UN: Aleppo risks becoming ‘one giant graveyard’
The UN Security Council held an emergency meeting on the dire humanitarian crisis unfolding in Aleppo
A top UN envoy on Wednesday pleaded with the Security Council to help break the siege of Aleppo, warning that residents of the Syrian city were at risk of extermination.
“For the sake of humanity we call on -- we plead -- with the parties and those with influence to do everything in their power to protect civilians and enable access to the besieged part of eastern Aleppo before it becomes one giant graveyard,” said Stephen O’Brien, the UN under-secretary-general for humanitarian affairs.
O’Brien, speaking to a special Security Council session by video-link from London, said that the clock was ticking on the city as the winter set in.
Residents have been reduced to scavenging for food, hospitals are not functioning after repeated military strikes and an estimated 25,000 people have fled eastern Aleppo since Saturday alone, O'Brien said.
O’Brien said that aid convoys were ready to roll in from Turkey and western Aleppo but that they needed an end to the siege and protection for civilians.
“These are neither new nor complicated demands -- those common threads of humanity that we all have a responsibility to rally around,” he said.
“Those parties that can’t or won’t live up to their basic obligations should know that they will one day be held accountable for their actions,” he said.
The eastern part of Aleppo has been a key rebel stronghold since 2012, with government forces determined to wrest control.
More than 250,000 people had been living in the eastern neighborhoods when the government laid siege four months ago.
Syrian President Bashar al-Assad has enjoyed diplomatic support from Russia, which has also intervened militarily to boost the campaign for Aleppo.
O’Brien said he faced the persistent question as he traveled -- “Why on Earth can the Security Council not come together to unite to put a stop to this suffering?”
“The people of Syria have suffered far too much for far too long,” he said.
He urged the Security Council not to lose sight of another 700,000 people besieged in other areas, notably around Damascus.
Syrian opposition calls on UN
Meanwhile, a leading Syrian opposition body on Wednesday demanded the United Nations act immediately to protect residents of Aleppo, battered by advancing regime forces.
The opposition National Coalition urged the UN Security Council in a letter to “take immediate, definitive steps to protect civilians in Aleppo and stop the barbaric offensive against them.”
Syrian regime forces are pressing a major assault in the divided city, seeking to recapture eastern districts that have served as a key rebel stronghold since 2012.
Tens of thousands of residents have poured out of the rebel-held east to areas controlled by the government or local Kurdish authorities.
More than 250,000 people had been living in the eastern neighborhoods under a four-month government siege.
“The regime of (Bashar al-) Assad and its allies have turned the liberated areas of Aleppo into a coffin,” National Coalition chief Anas al-Abdeh wrote in the letter.
“This escalation is a war crime and a crime against humanity, another item on the Assad regime’s long, bloody, barbaric list,” Abdeh said.
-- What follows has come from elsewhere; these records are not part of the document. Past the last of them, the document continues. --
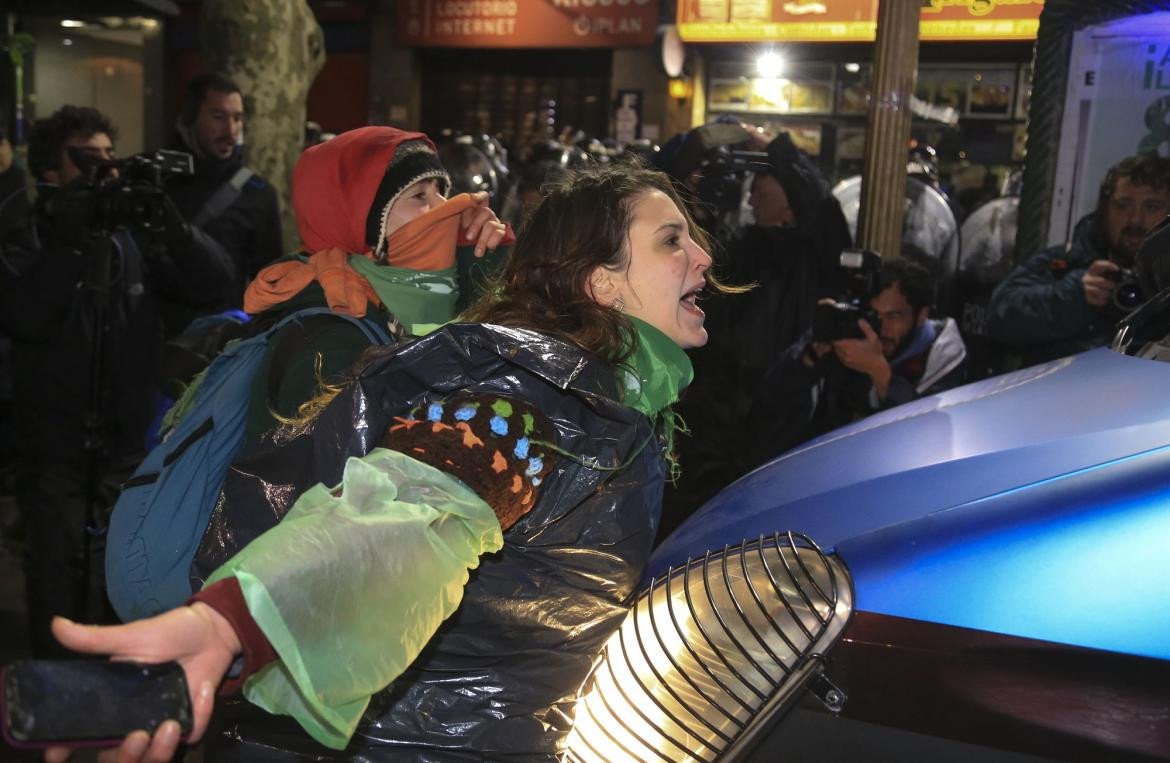 Incidentes - votación aborto Foto NA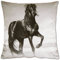 Bestlivings Dekokissen mit abnehmbaren Bezug in 40x40 cm (Pferd)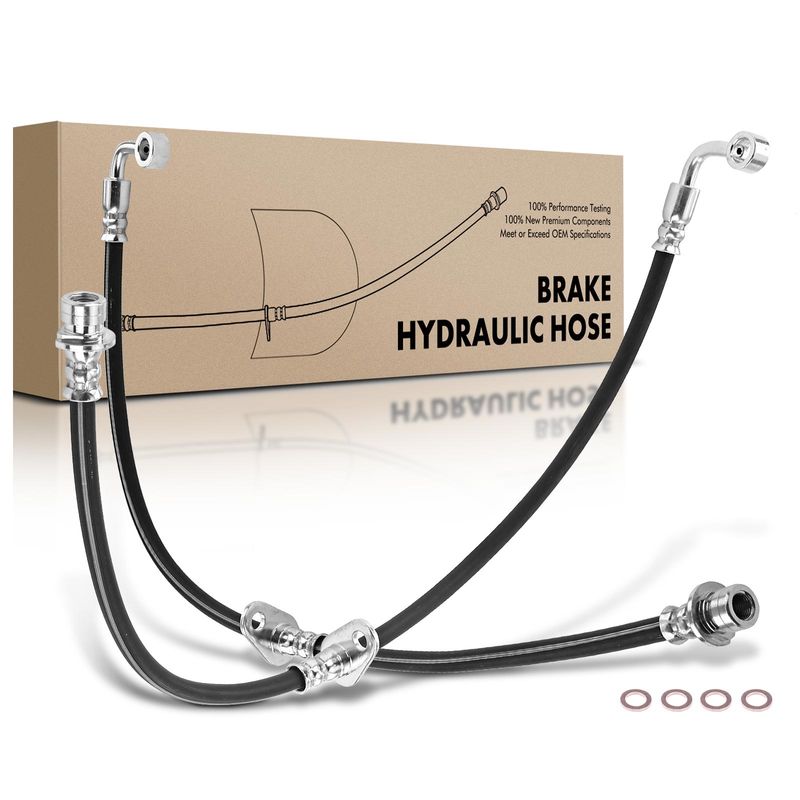 2Pcs Front Brake Hydraulic Hose for Honda Accord 2018-2021 1.5L 2.0L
Regime forces and allied fighters have seized a third of the rebel-held east of Aleppo since they began an operation to recapture all of the battered second city just over a fortnight ago.
They now fully control the city’s northeast and pressed their offensive Wednesday on Aleppo’s southeastern edges, advancing in the Sheikh Saeed district, according to state news agency SANA.
The loss of Aleppo would be the biggest blow for Syria’s opposition since the conflict began in March 2011 with anti-government protests, before spiraling into a civil war.